Kazakhstan boosts agricultural exports, enhancing trade with EU
Kazakhstan is one of the non-European Union countries which will benefit from the European Investment Bank’s €465 million fund recently approved to support agriculture. Export grow is expected to follow.
Kazakhstan is one of the non-European Union countries which will benefit from the European Investment Bank’s €465 million fund recently approved to support agriculture.
The fund is part of the Pan-European Agricultural Programme, a €3 billion programme launched in July to back agriculture and agribusiness investment initiatives.
The programme aims at enhancing sustainability, closing financing gaps, supporting young farmers, and advancing climate-resilient practices. It is the largest-ever financing initiative for the agricultural sector, approved by the European Investment Bank (EIB) Board.
Boosting exports
The funds come at a time when Kazakhstan is undertaking reforms to enhance its agricultural sector, and the Central Asian republic is seeking to not only meet domestic needs but also boost exports.
According to the Prime Minister’s Office, the government is reforming financial and subsidy systems to support agricultural enterprises and enhance the production and leasing of domestic agricultural machinery.
The country’s agricultural machinery production is set to grow from €498 million to €568 million by 2025. Machinery sales reportedly increased 52 per cent compared to the previous year.
Positive outlook
Kazakhstan has seen a rise in crop exports, in particular barley, lentils and corn. The Ministry of Agriculture expects this positive trend to continue even in the first half of 2025.
1.8 million tons of grain have already been exported in the period between September and October, marking an increase of 48 per cent compared to the same period last year.
Lentil exports increased sevenfold and reached 80,000 tons, most of which was sent to European countries. Rice producers increased exports by 47 per cent by developing new markets in Azerbaijan and Belarus.
In addition, for 2024-2025, Kazakhstan plans to break the record for exporting oil products to China, increasing the volume to $250 million. Oil processors anticipate reaching $300 million in exports of vegetable oils and grist to China.
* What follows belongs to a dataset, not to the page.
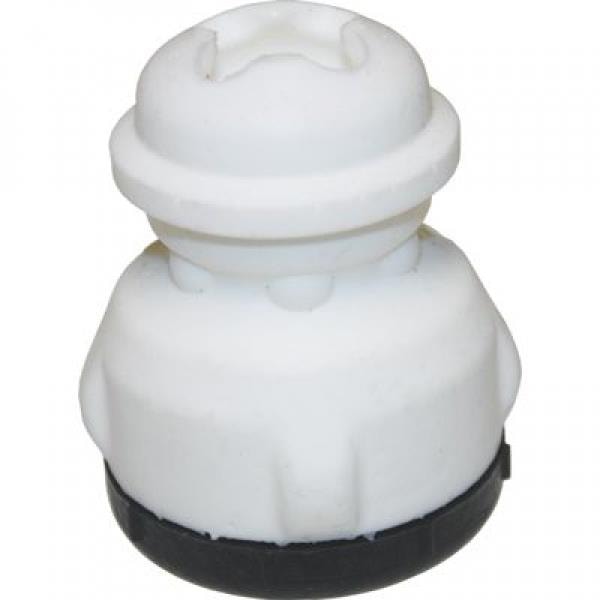 SeatSeat İbiza 2002-2009 Model Arası Arka Amortisör Plastik Takoz İthal 6Q0512131dİTHAL 6Q0512131D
The Ministry reaffirmed it is working on diversifying export routes and expanding sales markets. “The 2024 harvest is 45 per cent higher in terms of gross, as well as in quality, which creates a reserve for export sales,” it emphasised.
Exports to EU
Kazakhstan is one of the top ten grain exporters, supplying eight million tons of wheat and two million tons of flour to over 80 countries. It holds significant potential for increasing agricultural trade with the EU.
In his recent state visit to France, Kazakh President Kassym-Jomart Tokayev highlighted his country’s agricultural importance for global food security. Therefore, he encouraged French firms to explore investment and technological partnerships.
In his previous capacity as Agriculture Commissioner, Janusz Wojciechowski described Kazakhstan as a growing market opportunity for European agricultural food and beverage exports.
Under the former Commission mandate, he led a delegation of 39 agri-food businesses and organisations from across the EU to Astana and Almaty and discussed ways to expand cooperation in the sector with Kazakh Prime Minister Oljas Bektenov.
Given the strategic importance Kazakhstan has gained since the beginning of the Russian invasion of Ukraine, new Agriculture Commissioner Christophe Hansen might be encouraged to take cooperation one step further.
As it is, Italy is Kazakhstan’s biggest exporting partner, with export volumes reaching $13 billion in 2022. China comes in second with exports worth $10 billion, followed by the Russian Federation with $8 billion.
The Netherlands, France, Romania, and Spain find themselves in the top ten exporting partners of Kazakhstan, with notably lesser export volumes compared to Italy, highlighting the space and potential for agricultural trade to grow.
Logistical challenges
But despite the potential for growth, logistical challenges and access to international markets remain key issues in the sustainable development of Kazakhstan’s agricultural sector.
An October report by the United States Department of Agriculture argues that these challenges, coupled with a lower wheat quality outlook due to poor weather during harvest and trade issues with Russia, forced Kazakhstan to lower its wheat export estimate.
Farmers in Kazakhstan have noted bids are lower this harvest due to quality concerns, while traders hope that low prices might be the cure to bring back demand from markets such as Iran and Azerbaijan.
The report also mentions allegations arising from Kazakh exporters who claim that the stealing of grain shipments from sealed wagons when transiting through the territory of Uzbekistan has turned into a regular practice.
It also positively notes that Kazakhstan continues to boost its transit potential between China and Europe through the Middle Corridor, which, as of August, saw 2.2 million tons of cargo being transported through it, 27 per cent more than the same period last year.